[PROBLEM DESCRIPTION] Word for word, set down every line of the entries below from the line with "Diego Andrade, Jessica" to the line with "25 Westover Crescent W", including both, and no other line.

[GIVEN RECORDS]
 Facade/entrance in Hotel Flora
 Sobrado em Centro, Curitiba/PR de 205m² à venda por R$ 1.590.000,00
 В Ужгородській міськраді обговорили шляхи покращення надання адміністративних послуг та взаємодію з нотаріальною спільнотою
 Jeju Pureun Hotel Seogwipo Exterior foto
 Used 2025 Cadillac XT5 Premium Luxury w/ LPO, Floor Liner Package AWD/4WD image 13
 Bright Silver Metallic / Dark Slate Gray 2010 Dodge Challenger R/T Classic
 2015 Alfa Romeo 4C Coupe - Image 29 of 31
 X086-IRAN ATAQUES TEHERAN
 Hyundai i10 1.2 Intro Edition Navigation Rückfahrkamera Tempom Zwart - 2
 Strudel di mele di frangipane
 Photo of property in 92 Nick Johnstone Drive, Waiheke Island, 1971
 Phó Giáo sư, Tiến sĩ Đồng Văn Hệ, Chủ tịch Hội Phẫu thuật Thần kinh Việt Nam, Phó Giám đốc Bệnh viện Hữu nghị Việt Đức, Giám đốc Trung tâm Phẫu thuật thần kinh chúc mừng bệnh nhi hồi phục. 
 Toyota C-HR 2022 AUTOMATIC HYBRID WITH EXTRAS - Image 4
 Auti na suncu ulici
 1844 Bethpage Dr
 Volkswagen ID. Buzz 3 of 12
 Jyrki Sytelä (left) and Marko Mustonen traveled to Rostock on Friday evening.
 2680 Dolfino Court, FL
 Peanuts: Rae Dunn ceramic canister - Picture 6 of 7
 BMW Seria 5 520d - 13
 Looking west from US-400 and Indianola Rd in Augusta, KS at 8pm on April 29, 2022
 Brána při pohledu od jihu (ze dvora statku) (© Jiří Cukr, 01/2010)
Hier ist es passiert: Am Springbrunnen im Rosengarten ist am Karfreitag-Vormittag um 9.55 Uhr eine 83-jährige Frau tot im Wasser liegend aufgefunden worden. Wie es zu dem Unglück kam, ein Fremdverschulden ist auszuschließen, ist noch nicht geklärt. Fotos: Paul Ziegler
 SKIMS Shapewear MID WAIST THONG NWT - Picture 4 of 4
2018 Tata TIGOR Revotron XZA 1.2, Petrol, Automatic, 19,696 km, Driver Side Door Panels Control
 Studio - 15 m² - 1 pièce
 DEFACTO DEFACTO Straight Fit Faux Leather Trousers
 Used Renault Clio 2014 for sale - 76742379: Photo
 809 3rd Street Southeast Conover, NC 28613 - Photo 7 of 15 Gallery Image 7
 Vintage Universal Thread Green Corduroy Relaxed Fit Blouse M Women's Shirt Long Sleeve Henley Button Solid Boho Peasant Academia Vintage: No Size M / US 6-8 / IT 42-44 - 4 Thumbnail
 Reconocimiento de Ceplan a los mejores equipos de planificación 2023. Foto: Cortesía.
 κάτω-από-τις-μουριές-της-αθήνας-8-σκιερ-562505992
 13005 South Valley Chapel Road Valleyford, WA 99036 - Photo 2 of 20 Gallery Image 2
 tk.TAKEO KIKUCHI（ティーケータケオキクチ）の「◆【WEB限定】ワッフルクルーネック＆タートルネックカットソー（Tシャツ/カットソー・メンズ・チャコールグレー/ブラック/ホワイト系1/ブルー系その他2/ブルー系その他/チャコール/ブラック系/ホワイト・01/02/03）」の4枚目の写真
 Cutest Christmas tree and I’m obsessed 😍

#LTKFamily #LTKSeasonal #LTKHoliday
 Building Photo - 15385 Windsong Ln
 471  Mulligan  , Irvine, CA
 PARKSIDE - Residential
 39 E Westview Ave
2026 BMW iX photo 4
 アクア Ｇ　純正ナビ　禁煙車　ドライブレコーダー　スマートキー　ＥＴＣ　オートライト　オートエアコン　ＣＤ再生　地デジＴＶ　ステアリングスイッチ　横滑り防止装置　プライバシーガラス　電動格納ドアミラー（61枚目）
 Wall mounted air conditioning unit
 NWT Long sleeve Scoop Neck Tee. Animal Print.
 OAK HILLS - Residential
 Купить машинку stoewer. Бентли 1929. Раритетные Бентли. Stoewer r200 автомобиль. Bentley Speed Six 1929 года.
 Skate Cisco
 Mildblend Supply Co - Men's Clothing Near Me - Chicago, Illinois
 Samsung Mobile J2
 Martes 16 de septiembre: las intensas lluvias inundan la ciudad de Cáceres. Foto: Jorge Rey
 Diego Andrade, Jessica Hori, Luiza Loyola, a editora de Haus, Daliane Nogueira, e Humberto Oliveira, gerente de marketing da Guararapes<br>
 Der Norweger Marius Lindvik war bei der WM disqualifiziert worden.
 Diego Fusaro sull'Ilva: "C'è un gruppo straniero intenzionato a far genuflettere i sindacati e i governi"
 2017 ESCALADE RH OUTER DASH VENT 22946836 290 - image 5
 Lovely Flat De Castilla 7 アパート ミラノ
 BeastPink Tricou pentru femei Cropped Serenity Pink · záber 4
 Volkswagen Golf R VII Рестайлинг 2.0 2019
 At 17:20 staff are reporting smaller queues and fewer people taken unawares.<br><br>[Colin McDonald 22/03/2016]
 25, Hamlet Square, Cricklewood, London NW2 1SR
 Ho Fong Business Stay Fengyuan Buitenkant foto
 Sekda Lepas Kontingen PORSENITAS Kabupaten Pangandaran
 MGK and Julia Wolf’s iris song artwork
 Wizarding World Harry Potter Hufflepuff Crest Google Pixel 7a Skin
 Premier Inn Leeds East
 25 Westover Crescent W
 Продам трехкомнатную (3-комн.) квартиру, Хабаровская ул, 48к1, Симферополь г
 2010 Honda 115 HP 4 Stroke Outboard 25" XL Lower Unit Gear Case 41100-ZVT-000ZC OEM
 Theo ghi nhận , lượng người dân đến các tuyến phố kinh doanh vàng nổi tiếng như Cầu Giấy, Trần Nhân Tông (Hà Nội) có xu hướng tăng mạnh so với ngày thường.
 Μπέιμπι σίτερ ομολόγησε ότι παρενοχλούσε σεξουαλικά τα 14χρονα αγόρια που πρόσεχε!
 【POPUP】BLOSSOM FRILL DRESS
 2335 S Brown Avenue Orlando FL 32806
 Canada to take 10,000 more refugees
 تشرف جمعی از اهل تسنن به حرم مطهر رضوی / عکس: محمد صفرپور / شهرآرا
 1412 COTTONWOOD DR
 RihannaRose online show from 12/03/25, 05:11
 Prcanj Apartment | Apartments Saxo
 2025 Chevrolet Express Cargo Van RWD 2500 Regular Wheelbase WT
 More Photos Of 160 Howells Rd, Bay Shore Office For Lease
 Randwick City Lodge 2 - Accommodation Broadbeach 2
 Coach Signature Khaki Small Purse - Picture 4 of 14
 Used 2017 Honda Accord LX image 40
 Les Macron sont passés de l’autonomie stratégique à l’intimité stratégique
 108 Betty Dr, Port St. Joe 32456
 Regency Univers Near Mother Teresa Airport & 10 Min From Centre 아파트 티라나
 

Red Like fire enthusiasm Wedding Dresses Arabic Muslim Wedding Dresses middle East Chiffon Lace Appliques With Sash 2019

[ANSWER FOR THE TASK]
 Diego Andrade, Jessica Hori, Luiza Loyola, a editora de Haus, Daliane Nogueira, e Humberto Oliveira, gerente de marketing da Guararapes<br>
 Der Norweger Marius Lindvik war bei der WM disqualifiziert worden.
 Diego Fusaro sull'Ilva: "C'è un gruppo straniero intenzionato a far genuflettere i sindacati e i governi"
 2017 ESCALADE RH OUTER DASH VENT 22946836 290 - image 5
 Lovely Flat De Castilla 7 アパート ミラノ
 BeastPink Tricou pentru femei Cropped Serenity Pink · záber 4
 Volkswagen Golf R VII Рестайлинг 2.0 2019
 At 17:20 staff are reporting smaller queues and fewer people taken unawares.<br><br>[Colin McDonald 22/03/2016]
 25, Hamlet Square, Cricklewood, London NW2 1SR
 Ho Fong Business Stay Fengyuan Buitenkant foto
 Sekda Lepas Kontingen PORSENITAS Kabupaten Pangandaran
 MGK and Julia Wolf’s iris song artwork
 Wizarding World Harry Potter Hufflepuff Crest Google Pixel 7a Skin
 Premier Inn Leeds East
 25 Westover Crescent W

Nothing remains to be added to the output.